Uber argued that Uber drivers were working in business on their own account, and entered into a direct contractual relationship with a passenger every time they accepted a trip.  It was claimed by Uber that it acted as an agent for Uber drivers in their relationships with passengers.

The Tribunal concluded that any driver who (a) had the Uber smartphone app switched on, (b) was in the territory in which he or she was authorised to work; and (c) was able and willing to accept assignments, was (for so long as these conditions were satisfied) working for Uber under a 'worker' contract.

Following this determination, Uber appealed to the EAT.

Employment Appeals Tribunal

Uber appealed the Tribunal decision on a number of grounds.  In particular it was argued on behalf of Uber that the Tribunal had been wrong to disregard the written agreements between the drivers and Uber which provided that Uber provided services to the drivers as their agent.  It was further argued that the Tribunal had failed to take account of relevant matters, which Uber relied on as inconsistent with worker status and that indicated that the drivers were carrying on a business undertaking on their own account.

In dismissing Uber’s appeal, the EAT characterised the central issue in the following terms:

The issue at the heart of the appeal can be simply put: when the drivers are working, who are they working for?

The Tribunal’s answer to this question had been that the drivers were working for Uber, while Uber contended that drivers were working in business on their own account.  

The EAT’s principal findings were as follows:  

  • while in a normal commercial environment the starting point would be the written contractual documentation, the Tribunal had been required to determine the true nature of the relationship between Uber and the drivers;
  • the Tribunal was required to have regard to all the circumstances, and to determine whether the characterisation of this relationship in the written agreements properly reflected the reality;
  • the Tribunal had been entitled to reject the characterisation of the relationship between Uber drivers and Uber in the written contractual documentation as being one of agency;
  • the Tribunal had been entitled to conclude that the reality of the situation was that the drivers were incorporated into the Uber business of providing transportation services, and that the arrangements and controls imposed by Uber indicated that the drivers were not self-employed contractors;
  • the Tribunal was not obliged to disregard factors simply because they might be seen as arising from the relevant regulatory regime and, in fact, was entitled to regard them as part of the entire factual matrix to be considered;
  • the Tribunal’s findings on control were not limited to matters arising only as a result of regulation;
  • the Tribunal had not been wrong to hold that a driver would be a worker engaged on working time when in the territory, with the Uber app switched on, and ready and willing to accept trips – the assessment of the driver’s status and time in between the acceptance of individual trips would, however, be a matter of fact and degree.   

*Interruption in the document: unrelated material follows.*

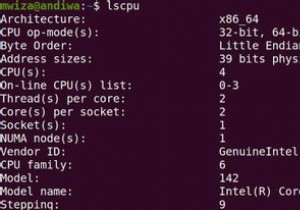 วิธีตรวจสอบรายละเอียดระบบและข้อมูลฮาร์ดแวร์บน Linux 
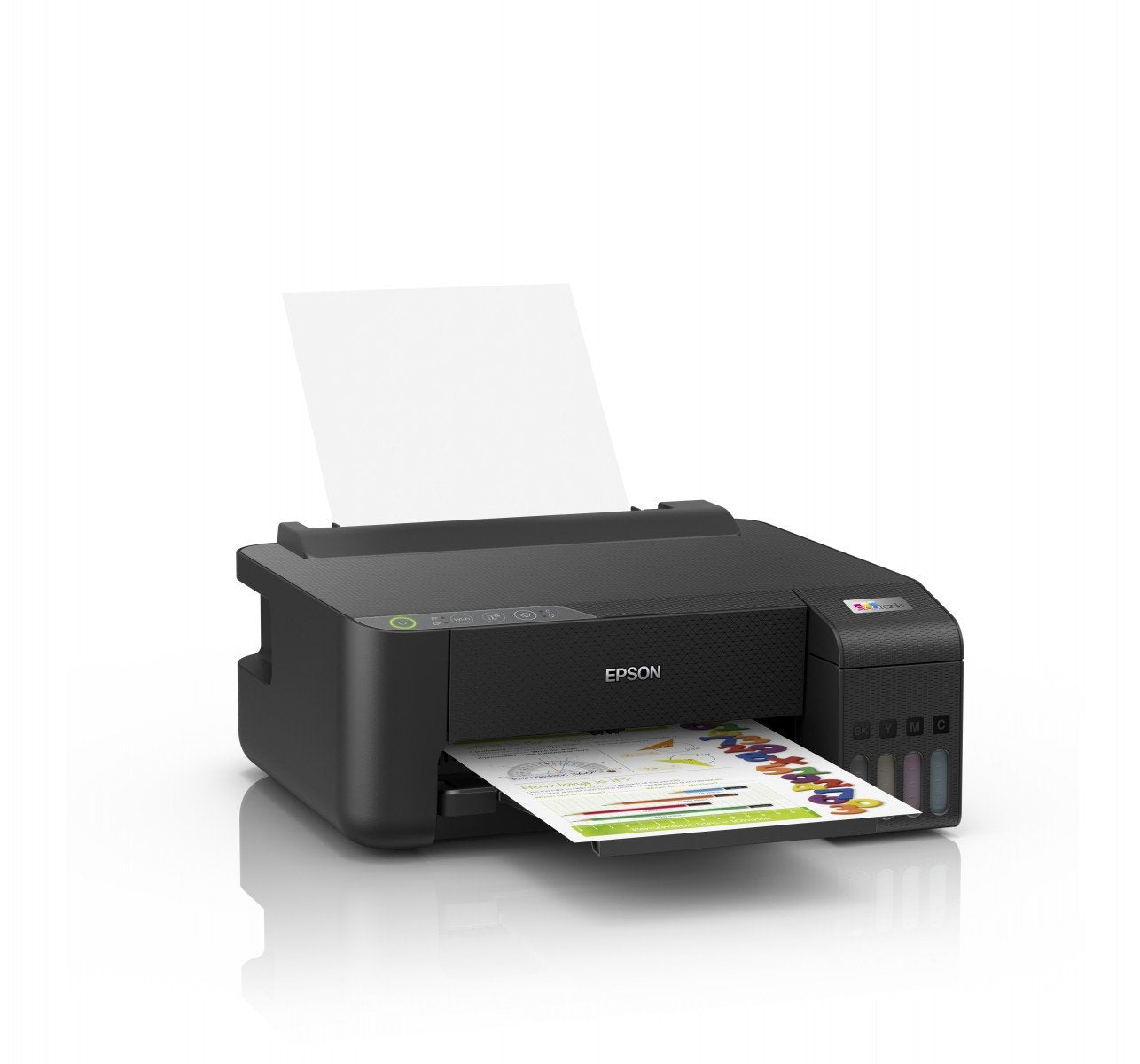EPSON EcoTank ET-1810 Printer colour ink-jet refillable A4 5760x1440dpi 10ppm mono/5ppm colour 100 sheets USB Wi-Fi black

The EAT's decision has been regarded as a further blow to operators in the gig economy.  However, it is likely to have wider implications for those who either engage, or work as, independent contractors.  While the tests for establishing whether an individual is an employee are well established in Irish law, it can be difficult to apply these tests in practice in an increasingly casualised labour market.  Though the approach of the UK EAT is instructive for employers, every case will necessarily turn on its own facts.  Employers who engage independent contractors would be well advised to review their contractual arrangements in light of this decision, and should exercise caution in relying on contractual documents that do not reflect the reality of the employment relationship.